Each day I go in there and I rake all those black leaves up and then take them out to the incinerator through the cast iron gate in the wall and burn them to white ash. I can do that much, at least. I can’t do much about the gribbly black monster just yet, except poke him with my rake and curse him in words I can’t print here and tell him he’s not going to get my orchard, thank you very much, and wait for my tree surgeon (Penny the surgeon) to come on in and cut him out, but in the meantime raking up the fungus-laden leaves is important. I was explaining this to a distant friend and she said, “I’ll come in and rake, too!” and suddenly I have lots of people in there raking and manning the incinerator and the table of tea and cream puffs and whiskey (someone insisted on the whiskey) set up for the rakers by the raging incinerator.

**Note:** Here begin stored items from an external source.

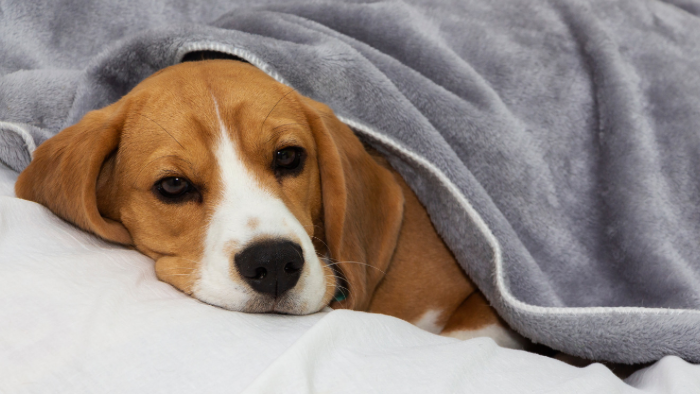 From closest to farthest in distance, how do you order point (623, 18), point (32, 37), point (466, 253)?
point (466, 253) < point (623, 18) < point (32, 37)

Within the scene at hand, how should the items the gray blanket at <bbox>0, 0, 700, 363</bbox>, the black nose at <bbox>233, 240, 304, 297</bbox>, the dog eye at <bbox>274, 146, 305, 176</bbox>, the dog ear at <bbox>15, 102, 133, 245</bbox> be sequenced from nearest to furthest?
the black nose at <bbox>233, 240, 304, 297</bbox> < the dog ear at <bbox>15, 102, 133, 245</bbox> < the dog eye at <bbox>274, 146, 305, 176</bbox> < the gray blanket at <bbox>0, 0, 700, 363</bbox>

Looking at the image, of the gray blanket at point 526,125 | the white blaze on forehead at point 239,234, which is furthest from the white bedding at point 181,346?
the gray blanket at point 526,125

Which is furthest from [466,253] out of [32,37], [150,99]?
[32,37]

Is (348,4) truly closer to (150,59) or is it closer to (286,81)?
(286,81)

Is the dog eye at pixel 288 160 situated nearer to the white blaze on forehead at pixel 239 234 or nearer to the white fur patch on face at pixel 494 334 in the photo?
the white blaze on forehead at pixel 239 234

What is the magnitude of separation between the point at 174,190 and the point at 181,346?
0.59 metres

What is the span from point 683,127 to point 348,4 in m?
1.39

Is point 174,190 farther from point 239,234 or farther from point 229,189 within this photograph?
point 239,234

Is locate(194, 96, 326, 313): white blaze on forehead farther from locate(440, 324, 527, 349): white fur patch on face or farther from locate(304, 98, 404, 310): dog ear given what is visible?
locate(440, 324, 527, 349): white fur patch on face

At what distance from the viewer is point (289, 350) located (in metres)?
1.19

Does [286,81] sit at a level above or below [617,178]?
above

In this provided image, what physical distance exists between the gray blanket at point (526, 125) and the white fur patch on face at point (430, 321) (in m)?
0.22

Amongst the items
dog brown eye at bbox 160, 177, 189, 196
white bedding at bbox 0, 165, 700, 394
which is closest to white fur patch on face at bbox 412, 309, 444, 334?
white bedding at bbox 0, 165, 700, 394

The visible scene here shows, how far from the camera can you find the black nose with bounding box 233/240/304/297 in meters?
1.42
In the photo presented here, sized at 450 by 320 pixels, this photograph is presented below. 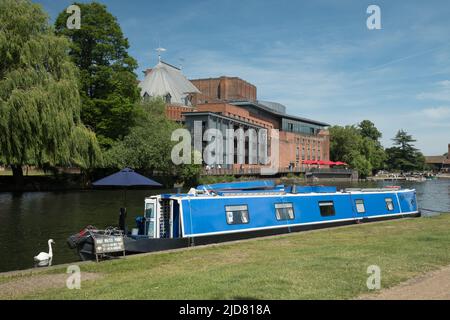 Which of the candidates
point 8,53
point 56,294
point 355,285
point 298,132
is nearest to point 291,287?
point 355,285

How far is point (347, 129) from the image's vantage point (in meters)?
128

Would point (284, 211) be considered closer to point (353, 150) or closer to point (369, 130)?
point (353, 150)

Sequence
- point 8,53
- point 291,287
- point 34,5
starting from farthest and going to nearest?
point 34,5, point 8,53, point 291,287

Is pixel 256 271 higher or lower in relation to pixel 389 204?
lower

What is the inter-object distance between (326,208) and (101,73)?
3586cm

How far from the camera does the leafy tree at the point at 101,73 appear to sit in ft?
164

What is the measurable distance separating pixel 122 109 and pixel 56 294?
142ft

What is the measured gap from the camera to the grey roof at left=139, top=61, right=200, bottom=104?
105m

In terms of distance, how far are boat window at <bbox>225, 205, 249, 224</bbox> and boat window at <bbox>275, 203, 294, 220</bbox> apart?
6.08ft

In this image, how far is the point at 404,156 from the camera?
15312 cm

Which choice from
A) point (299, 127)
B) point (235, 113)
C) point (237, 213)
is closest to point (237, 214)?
point (237, 213) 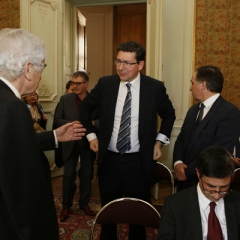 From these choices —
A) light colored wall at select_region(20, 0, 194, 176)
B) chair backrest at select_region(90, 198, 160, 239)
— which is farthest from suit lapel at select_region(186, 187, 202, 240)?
light colored wall at select_region(20, 0, 194, 176)

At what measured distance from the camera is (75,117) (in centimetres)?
375

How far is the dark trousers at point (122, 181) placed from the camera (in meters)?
2.58

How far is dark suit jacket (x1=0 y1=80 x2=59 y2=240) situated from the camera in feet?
4.12

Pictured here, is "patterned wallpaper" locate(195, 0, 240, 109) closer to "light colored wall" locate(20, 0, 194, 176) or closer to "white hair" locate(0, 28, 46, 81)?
"light colored wall" locate(20, 0, 194, 176)

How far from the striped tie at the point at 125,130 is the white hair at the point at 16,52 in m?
1.19

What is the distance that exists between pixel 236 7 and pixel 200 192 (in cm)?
391

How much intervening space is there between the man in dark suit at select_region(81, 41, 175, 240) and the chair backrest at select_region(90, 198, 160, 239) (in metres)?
0.53

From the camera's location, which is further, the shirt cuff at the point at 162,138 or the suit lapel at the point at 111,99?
the shirt cuff at the point at 162,138

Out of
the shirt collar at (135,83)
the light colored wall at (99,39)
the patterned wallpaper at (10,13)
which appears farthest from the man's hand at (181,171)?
the light colored wall at (99,39)

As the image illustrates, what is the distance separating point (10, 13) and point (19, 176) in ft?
15.1

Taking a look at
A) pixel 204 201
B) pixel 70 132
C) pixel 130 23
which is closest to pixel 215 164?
pixel 204 201

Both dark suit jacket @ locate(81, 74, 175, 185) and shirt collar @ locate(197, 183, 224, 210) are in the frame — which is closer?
shirt collar @ locate(197, 183, 224, 210)

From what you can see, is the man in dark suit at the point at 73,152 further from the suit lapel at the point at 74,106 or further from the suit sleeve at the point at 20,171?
the suit sleeve at the point at 20,171

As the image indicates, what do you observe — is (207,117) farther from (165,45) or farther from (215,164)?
(165,45) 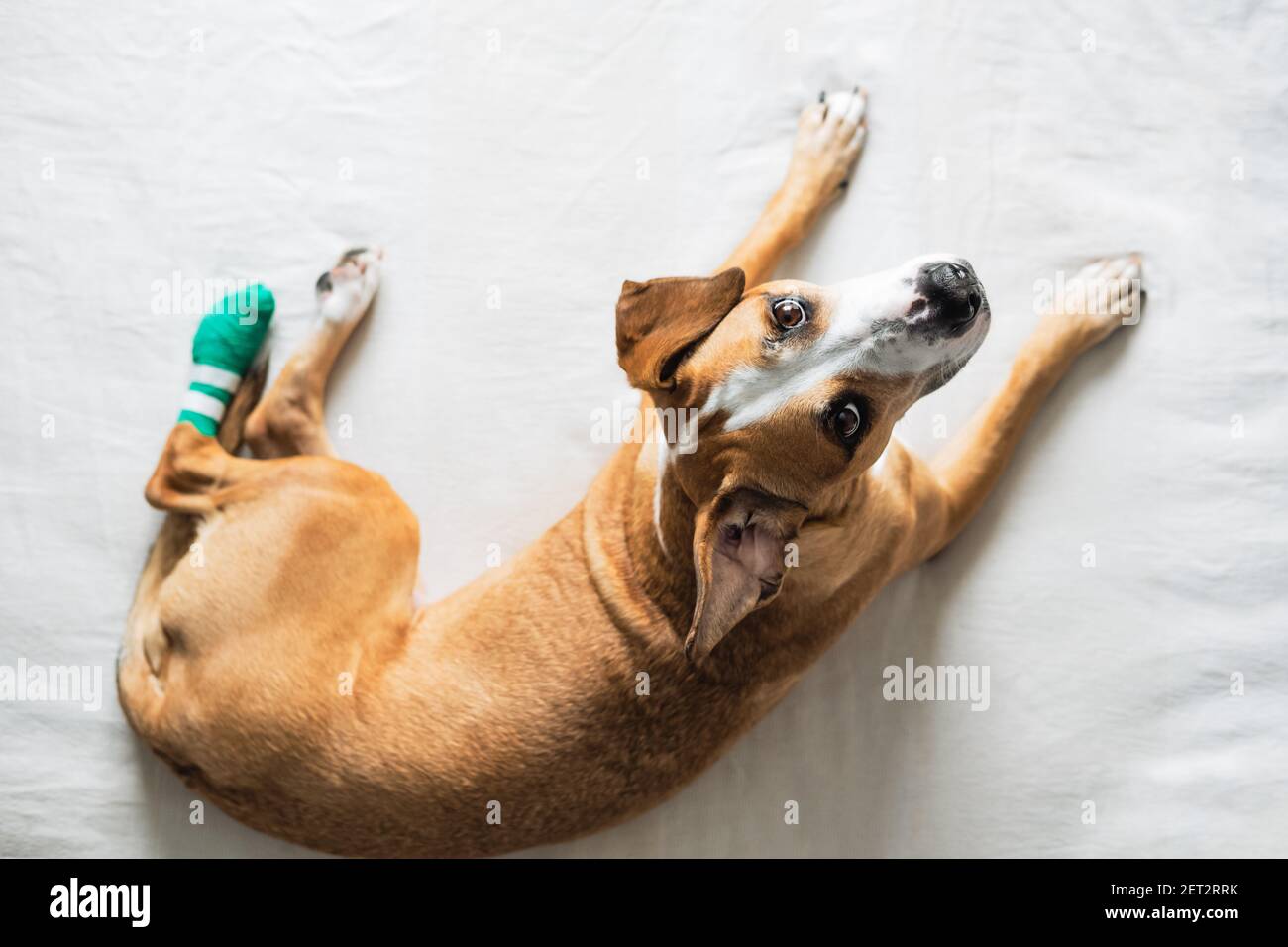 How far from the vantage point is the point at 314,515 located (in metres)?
3.54

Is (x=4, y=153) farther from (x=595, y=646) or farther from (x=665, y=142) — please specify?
(x=595, y=646)

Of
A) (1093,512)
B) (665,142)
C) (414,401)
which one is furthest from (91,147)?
(1093,512)

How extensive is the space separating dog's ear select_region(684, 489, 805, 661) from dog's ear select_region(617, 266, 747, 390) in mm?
398

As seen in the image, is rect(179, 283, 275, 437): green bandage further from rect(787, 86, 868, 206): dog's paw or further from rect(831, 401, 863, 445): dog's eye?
rect(831, 401, 863, 445): dog's eye

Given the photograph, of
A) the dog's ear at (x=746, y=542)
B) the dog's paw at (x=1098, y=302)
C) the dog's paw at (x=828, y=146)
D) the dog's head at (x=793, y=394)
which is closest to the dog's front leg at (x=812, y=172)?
the dog's paw at (x=828, y=146)

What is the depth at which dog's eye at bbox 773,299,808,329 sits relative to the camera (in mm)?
2850

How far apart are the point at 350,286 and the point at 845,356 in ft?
6.95

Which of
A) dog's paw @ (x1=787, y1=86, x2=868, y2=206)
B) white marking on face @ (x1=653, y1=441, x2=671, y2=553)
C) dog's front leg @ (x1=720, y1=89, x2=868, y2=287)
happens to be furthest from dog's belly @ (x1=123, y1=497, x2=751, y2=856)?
dog's paw @ (x1=787, y1=86, x2=868, y2=206)

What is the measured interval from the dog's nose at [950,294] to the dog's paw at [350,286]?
220 cm

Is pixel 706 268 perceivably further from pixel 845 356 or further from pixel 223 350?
pixel 223 350

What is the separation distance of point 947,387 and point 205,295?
2842mm

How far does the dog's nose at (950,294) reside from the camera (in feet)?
9.24

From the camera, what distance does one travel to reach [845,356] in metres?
2.81

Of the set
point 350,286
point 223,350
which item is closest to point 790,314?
point 350,286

So if you’d like to join the Rake Squad you have no idea how much I’d appreciate it. Those black leaves sometimes accumulate a little too quickly, and some days I am too sick and too down-hearted to go in and rake myself. I am unashamedly asking for a bit of help with the raking. You can send me an email at sde@oldlondonmaps.com just to let me know you’ll be in there raking occasionally – the Rake Squad could always use a few more rakers!
Anyway, I can’t stop thinking about that cold pork in the fridge so must dash for now. Thanks to everyone for their patience regarding their letters – I will get about to replying eventually, but likely not for a little bit yet.
Please help Sara with her raking. I have anohter friend fighting this disease at present. Believe me, she'll need all the support she can get.